While operating as a publicly traded company, Marvel began to issue, both quarterly and Annual Reports. While quarterly reports came in the form of card- stock, or gate-fold reports, the annual reports, tended to be comicbook-sized booklets, with the first 32 pages a comicbook stories staring various Marvel heroes punching out Marvel villains while pontificating on the financial standings of Marvel the company. This was then be followed up by more detailed (and more traditionally-presented) financial information about the company.
Editor: | Glenn Herdling |
Writer: | Gary Fishman |
Pencils: | Alex Saviuk, Andrew Wildman, Art Nichols, Herbe Trimpe, John Herbert, Tom Morgan |
Inker: | Baskerville, Bill Anderson, Brad Vancata, John Beatty, Rod Ramos, Stephen |
There is a 32-page comicbook section, which is followed by 32 pages of financial information. Yet, even here Marvel has peppered the report with images of its various heroes, as well as unique graphs and charts with them showing off the company's financial information.

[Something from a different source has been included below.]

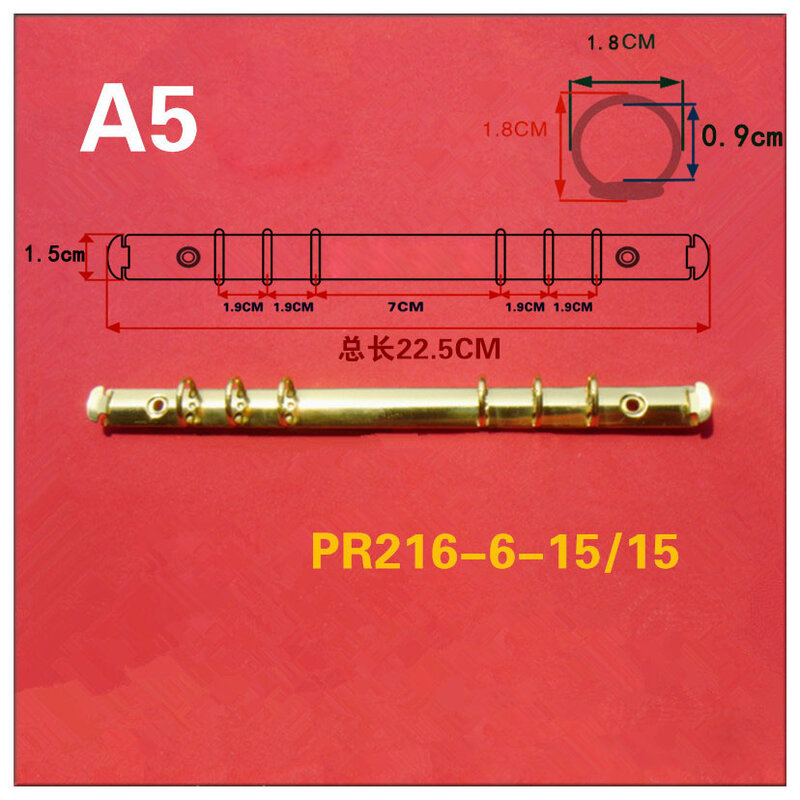 15Mm Mỏng B5 A5 A6 A7 6 Nhẫn Chất Kết Dính Kẹp Bằng Ốc Vít Đồng Đen Vàng Đồng Bạc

Dr. Doom starts this issue off, by deciding that he needs to learn why Marvel profits are up 94% to $224 Million, as compared to $115 Million in '91, and why Marvel's earnings per share doubled to $0.66 in the past year. To do this he gathers about him arcane forces which draw the attention of Dr. Strange. To combat what he perceives as a threat, Strange gathers about himself a gaggle of Marvel Heroes, including several Avengers, X-Men, and FF, as well as a number of non-aligned heroes.
These "Secret Defenders" gather information about Marvel's various business ventures and spout them off as standard comicbook dialogue. This information includes talk about various publishing ventures (The Avengers, Spider-Man, the FF, The Big Guns line, the 2099 Universe, The Midnight Sons, X-men, and others).
There is also info on The Fleer group (now owned by Marvel), and how profits have increased in this area (which includes Double Bubble and Razzles); Marvel's Media and consumer products (TV and film properties, clothing), Advertising (utilizing Marvel characters to co-brand with your product) etc. The story ends with Strange confronting Doom and telling him to back off from gathering information about Marvel. Of course, Strange has automatically assumed that Doom was planning something nefarious, but it is revealed that Doom was actually investigating Marvel because he has heavily invested in the company, and he was simply attempting to protect his investment.
This has to be one of the most unique Annual Reports ever presented, and it is this presentation that earns it its high grade.
This report contained eight trading cards bound into it. Four baseball cards (Tony Gwynn, Dennis Eckersley, Rogerr Clemens, and Tom Glavine) as well as four Marvel hero cards (Black Knight, Thunderstrike, Hulk, and Captain America).